Si parla di clausole vessatorie e/o abusive soprattutto nei cosiddetti contratti di adesione, quali quelli che si stipulano con banche, assicurazioni o società di telecomunicazioni, nei quali l'imprenditore offre i propri servizi a condizioni predeterminate e il consumatore si limita semplicemente ad aderire con la sua sottoscrizione. 
La disciplina sulle condizioni generali di contratto predisposte da uno dei contraenti stabilisce che tali condizioni sono efficaci nei confronti dell'altro, solo se al momento della conclusione del contratto questi le ha conosciute o avrebbe dovuto conoscerle usando l'ordinaria diligenza (art. 1341 c.c.).

In ogni caso, le clausole vessatorie non hanno effetto, se non sono specificamente approvate per iscritto.

La vessatorietà di una clausola è valutata tenendo conto della natura del bene o del servizio oggetto del contratto e facendo riferimento alle circostanze esistenti al momento della sua conclusione ed alle altre clausole del contratto medesimo o di un altro collegato o da cui dipende. 

In caso di dubbio sul senso di una clausola, prevale l'interpretazione più favorevole al consumatore.  

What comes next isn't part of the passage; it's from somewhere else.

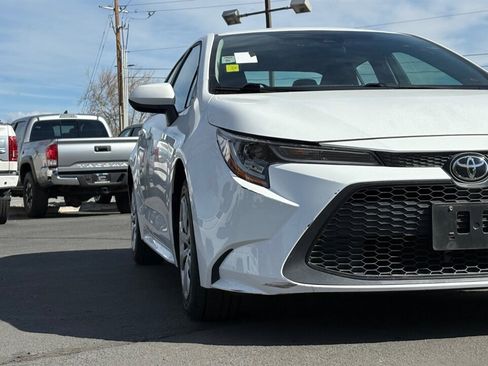 Used 2021 Toyota Corolla LE image 9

La clausola considerata vessatoria è inefficace e può essere rilevata d'ufficio dal giudice. 

Sono comunque sempre inefficaci le clausole che, sebbene oggetto di trattativa, abbiano per oggetto o per effetto di: escludere o limitare la responsabilità del professionista in caso di morte o danno alla persona del consumatore, risultante da un fatto o da un'omissione del professionista; escludere o limitare le azioni del consumatore nei confronti del professionista o di un'altra parte in caso di inadempimento totale o parziale o di adempimento inesatto da parte del professionista; prevedere l'adesione del consumatore come estesa a clausole che non ha avuto, di fatto, la possibilità di conoscere prima della conclusione del contratto.

Il ricorso, alla luce delle superiori considerazioni, trattato in Camera di Consiglio, veniva rigettato.